The Protection from Online Falsehoods and Manipulation Act (POFMA) came into force in October and gives the government the power to order corrections be placed next to posts it decides are false.
Since the law came into force in October, several opposition figures and activists have been ordered to place a banner next to their online posts stating that they contain false information.
The Singapore Democratic Party (SDP), one of a handful of small opposition groups, has now asked the courts to overturn a government order for it to correct two Facebook posts and an article on its website.
The Facebook posts said many Singaporeans had been displaced from white-collar jobs by foreigners -claims the government said were "false and misleading".
"We undertake this legal action because, as difficult as it may be, we must stand up for our fellow Singaporeans and fight for what little space we have left in Singapore to uphold our democratic freedoms," the party said on its website late on Wednesday.
The challenge was filed against Manpower Minister Josephine Teo, whose ministry last month ordered the corrections be put up and later rejected an application to withdraw the order.

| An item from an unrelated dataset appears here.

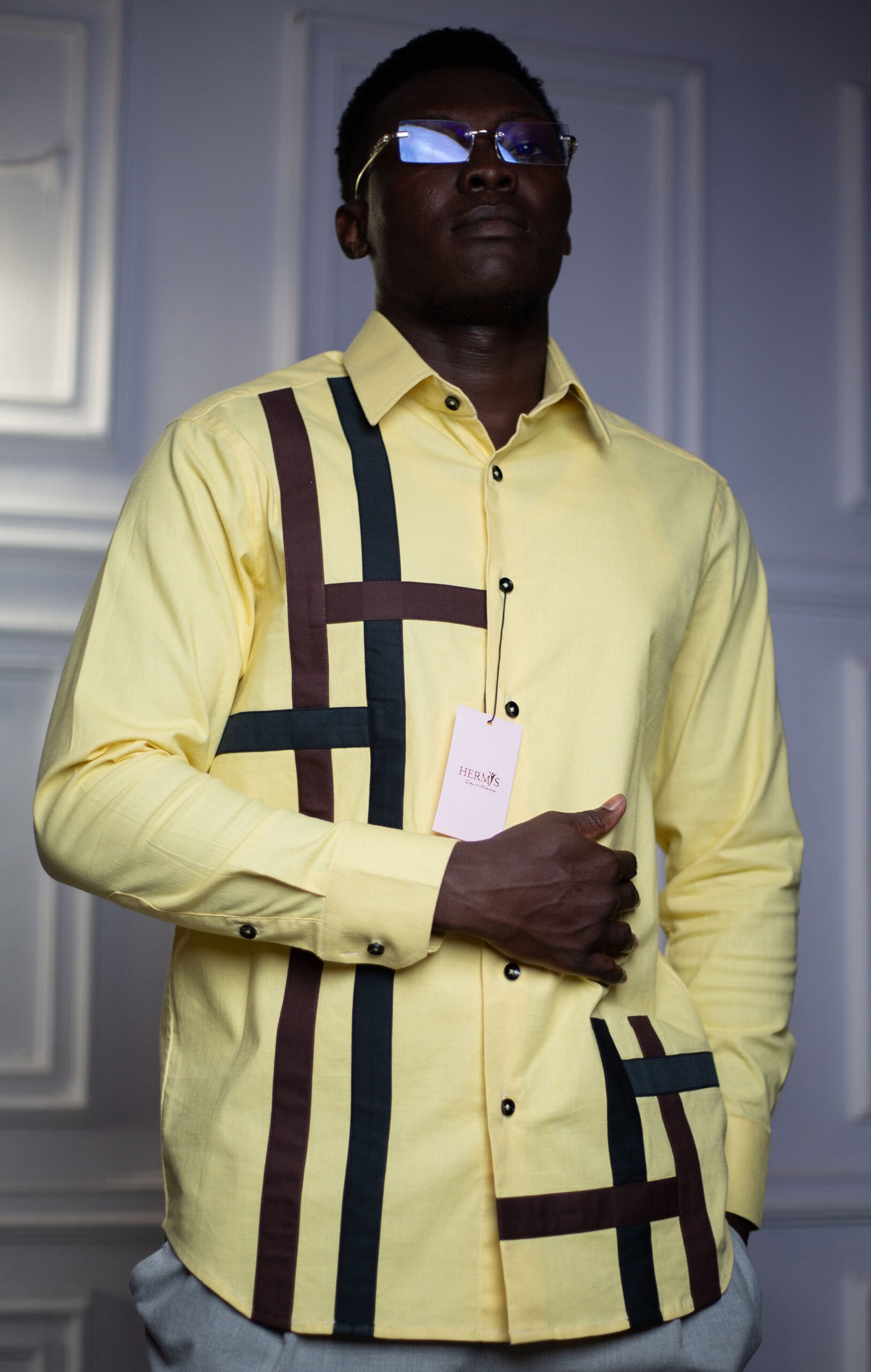 Chemise homme jaune pastel à bandes graphiques asymétriques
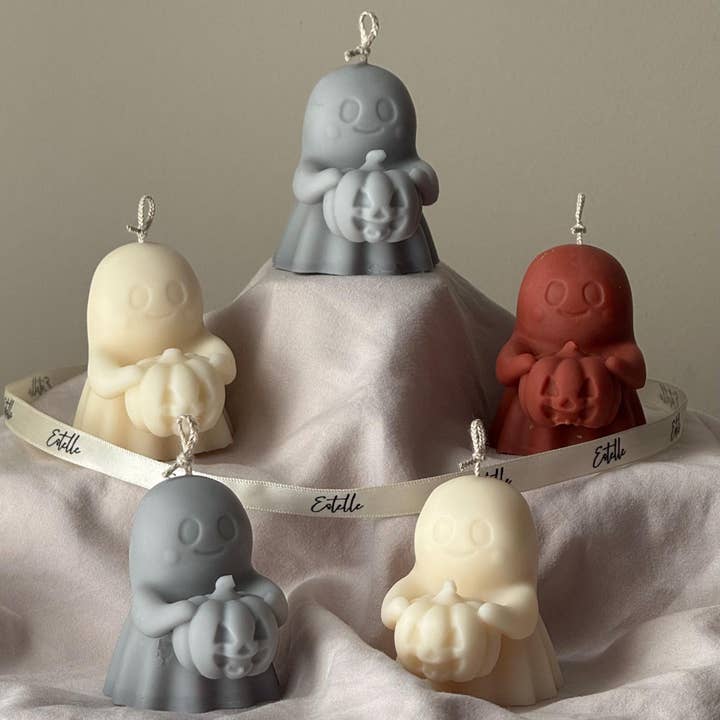 Halloween Ghost with Pumpkin Candle: Handmade Soy Wax Autumn Gift for wholesale by Estelle Studio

"Ms Teo has plunged a dagger into the heart (of) Singapore's political system already plagued by anti-democratic rules that keep the (ruling People's Action Party) entrenched in power," said the SDP, which currently has no seats in parliament.
While it is praised for its economic management, Singapore's government is also regularly criticised for curbing civil liberties in the city-state of five million people. The country is ranked 151 of 180 in RSF's World Press Freedom Index.
The People's Action Party (PAP) has ruled Singapore for decades and is expected to comfortably win polls that are likely to take place within months. The weak opposition is able to offer little real challenge.
The High Court has set Thursday next week to hear the SDP's challenge.
The government insists the legislation is necessary to prevent the circulation of misinformation that could sow divisions in the multiethnic, multifaith country and has said the law will not be applied to opinions, satire, criticism or parody.
Neighbouring Malaysia last year scrapped a controversial fake news law that had been introduced by the last government weeks before an election that saw it lose power for the first time.